Another method for curve fitting in Python is Maximum Likelihood Estimation (MLE), which involves finding the parameters of a probability distribution that maximizes the likelihood of observing the given data. This method is useful when the data follows a specific distribution, such as the Normal distribution.

MLE also involves minimizing a function, but instead of the sum of squared errors, we minimize the negative log likelihood function, which is given by:

```
-[i=1 to n] log((1/ ( * ( 2))) * e^(-(yi - fi)/)^2))
```

where `n`

is the number of data points, `sigma ()`

is the standard deviation, `fi`

is the model predicted value, and `yi`

is the actual value. The objective is to find the parameter values that maximize this log-likelihood function.

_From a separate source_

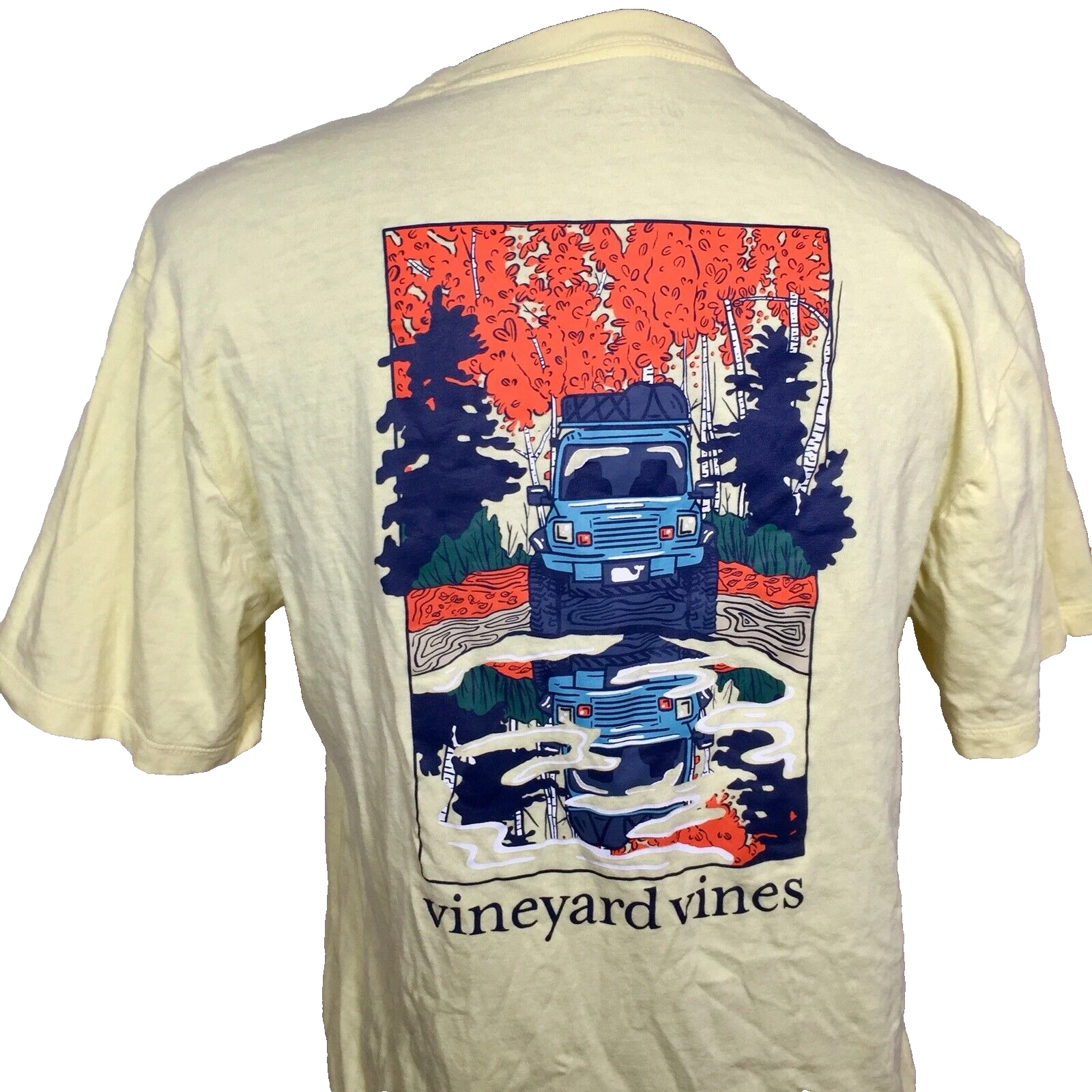 Vineyard Vines Roadtrip T-Shirt Yellow Front Pocket Off Road Camping Sz Small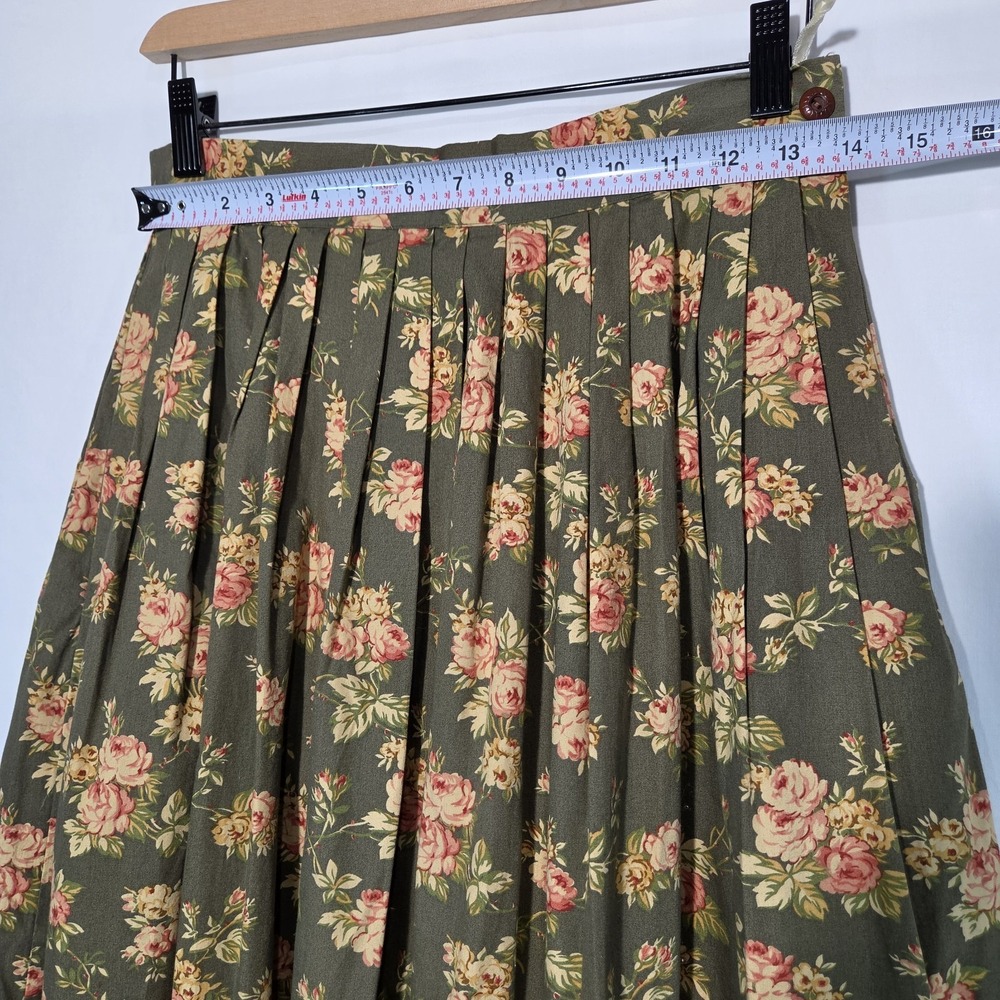 Ralph Lauren Country Floral Midi Skirt Sz 10 Cottage Rose Challis Cotton Romance - Picture 7 of 9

We can find these values by using the `curve_fit()`

function in SciPy.

## Obtaining Optimized Value with Better Fit

When using MLE, we get not only the optimized values of the parameters, but also the covariance matrix, which can be used to estimate the errors on the parameters. A smaller error means that the estimate is more precise.

Once we have obtained the optimized value, we can plot the model function along with the original data to visualize the fit.

## Example 2

Let’s look at an example of using MLE in Python for curve fitting:

```
import numpy as np
import matplotlib.pyplot as plt
from scipy.optimize import curve_fit
def fit_f(x, a, b, c, d):
return a * np.exp(-b * x) + c * np.sin(d * x)
x_data = np.linspace(0, 4, 50)
y_data = fit_f(x_data, 2.5, 1.3, 0.5, 0.75) + 0.2 * np.random.normal(size=len(x_data))
popt, pcov = curve_fit(fit_f, x_data, y_data)
a_opt, b_opt, c_opt, d_opt = popt
x_model = np.linspace(0, 4, 1000)
y_model = fit_f(x_model, a_opt, b_opt, c_opt, d_opt)
plt.plot(x_data, y_data, 'o')
plt.plot(x_model, y_model, '-')
plt.show()
```

In this example, we have defined a function called `fit_f()`

that takes four parameters: `a`

, `b`

, `c`

, and `d`

. We have also created some sample data using this function with some added noise.

We then pass this function, along with the `x`

and `y`

data, to the `curve_fit()`

function which performs MLE to obtain the optimized values of the parameters and the corresponding covariance error matrix. We can then use these optimized values to generate the model function and plot it along with the original data.

As we can see from the plot, the model fits the data quite well.

## Conclusion

In conclusion, curve fitting in Python is a useful tool for modeling and analyzing data. Maximum likelihood estimation is an alternative to the least squares method for parameter estimation.

It involves minimizing a negative log likelihood function to find the optimized values of the parameters that maximize the likelihood of observing the data. By using the SciPy library in Python, we can perform curve fitting using both methods and obtain not only the optimized parameter values but also the corresponding covariance error matrix.

This information allows us to visualize the fit of the model and estimate the error of the parameter estimates, which is crucial in many analytical applications. In conclusion, curve fitting in Python is a powerful tool that helps us model and analyze datasets.

This article discussed two methods for curve fitting in Python, namely the least square method and maximum likelihood estimation. The least square method is an optimization technique that minimizes the sum of the squared differences between the actual and predicted values, while maximum likelihood estimation involves finding the parameters of a probability distribution that maximize the likelihood of observing the given data.

Using Python’s SciPy library, we can fit models to datasets and gain insight into the underlying processes that generated the data. The takeaway from this article is that curve fitting in Python is a crucial technique that enables us to make informed decisions in engineering, science, and business.